Learning outcomes are what students know, understand and are able to do on completion of a unit of study. They are aligned with the University's graduate qualities and are assessed as part of the curriculum.

At the completion of this unit, you should be able to:

  • LO1. select and use the appropriate technique to analyse the structure of multivariate data, especially when individual data points are identified as belonging to different classes
  • LO2. apply multivariate data techniques using a training data set to predict classifications for real data
  • LO3. understand the characteristics of time-series data in order to analyse real business data of this form
  • LO4. select and use an appropriate technique to predict the future behaviour of business variables of interest, including the prediction of discrete outcomes.

Graduate qualities

The graduate qualities are the qualities and skills that all University of Sydney graduates must demonstrate on successful completion of an award course. As a future Sydney graduate, the set of qualities have been designed to equip you for the contemporary world.

GQ1 Depth of disciplinary expertise

Deep disciplinary expertise is the ability to integrate and rigorously apply knowledge, understanding and skills of a recognised discipline defined by scholarly activity, as well as familiarity with evolving practice of the discipline.

GQ2 Critical thinking and problem solving

Critical thinking and problem solving are the questioning of ideas, evidence and assumptions in order to propose and evaluate hypotheses or alternative arguments before formulating a conclusion or a solution to an identified problem.

GQ3 Oral and written communication

Effective communication, in both oral and written form, is the clear exchange of meaning in a manner that is appropriate to audience and context.

GQ4 Information and digital literacy

Information and digital literacy is the ability to locate, interpret, evaluate, manage, adapt, integrate, create and convey information using appropriate resources, tools and strategies.

GQ5 Inventiveness

Generating novel ideas and solutions.

GQ6 Cultural competence

Cultural Competence is the ability to actively, ethically, respectfully, and successfully engage across and between cultures. In the Australian context, this includes and celebrates Aboriginal and Torres Strait Islander cultures, knowledge systems, and a mature understanding of contemporary issues.

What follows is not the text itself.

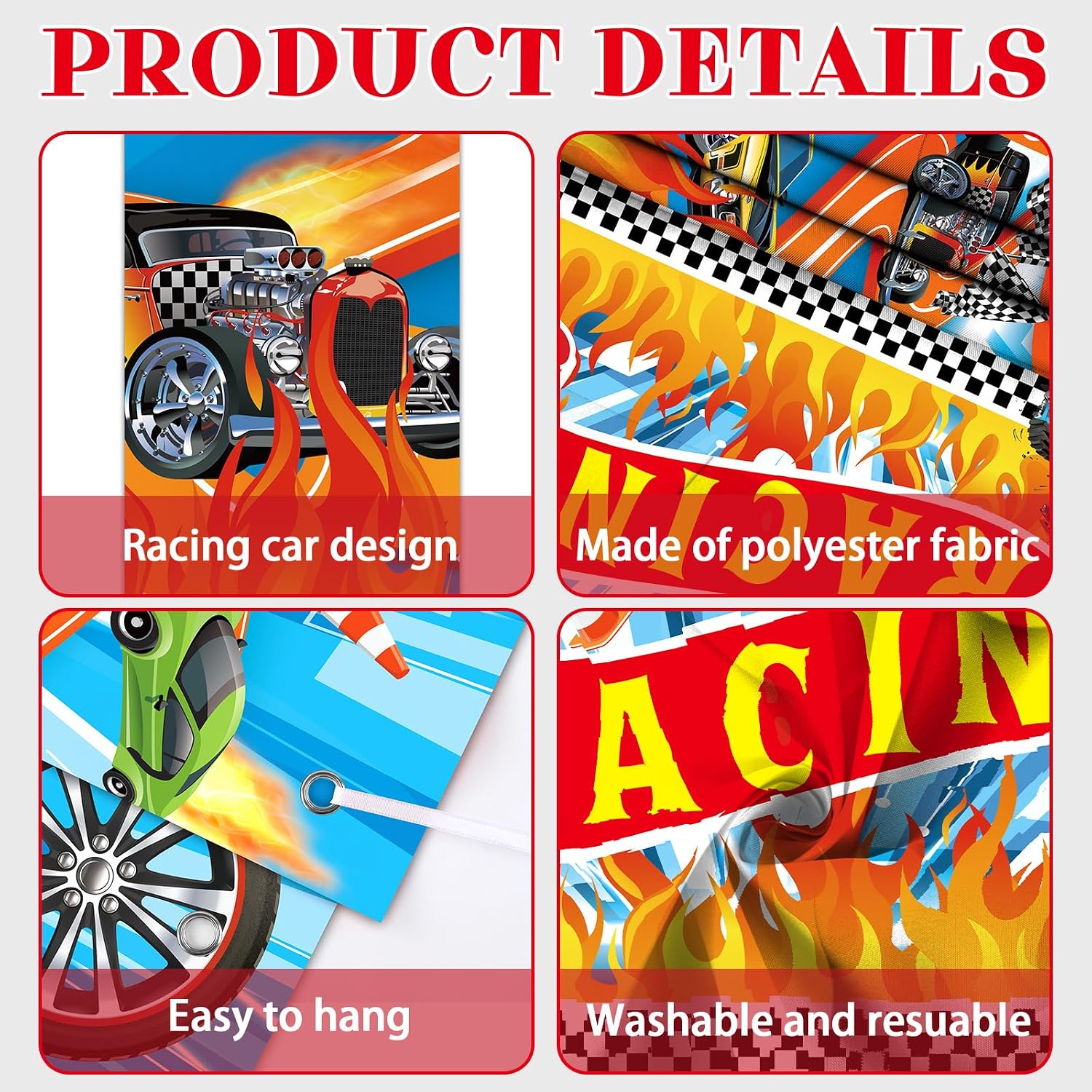 3Pcs Race Car Party Door Banner Hot Car Party Decorations Racing Truck Birthday Party Door Covers Racing Wheels Game Backdrops Hot Racing Car Porch Sign for Kids Boys Birthday Party Supplies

GQ7 Interdisciplinary effectiveness

Interdisciplinary effectiveness is the integration and synthesis of multiple viewpoints and practices, working effectively across disciplinary boundaries.

GQ8 Integrated professional, ethical, and personal identity

An integrated professional, ethical and personal identity is understanding the interaction between one’s personal and professional selves in an ethical context.

GQ9 Influence

Engaging others in a process, idea or vision.

Outcome map

Learning outcomes Graduate qualities
GQ1 GQ2 GQ3 GQ4 GQ5 GQ6 GQ7 GQ8 GQ9

This section outlines changes made to this unit following staff and student reviews.

No changes have been made since this unit was last offered.

Software: Python is available in all the computer labs in the Business School Codrington Building (H69). Students are encouraged to use their own computer/laptop. Students can use software other than the recommended Python (for example R), but no intensive technical support will be guaranteed due to available resources. Excel is incapable of running many of the analyses required in this unit.

More information can be found on Canvas.

Disclaimer

The University reserves the right to amend units of study or no longer offer certain units, including where there are low enrolment numbers.

To help you understand common terms that we use at the University, we offer an online glossary.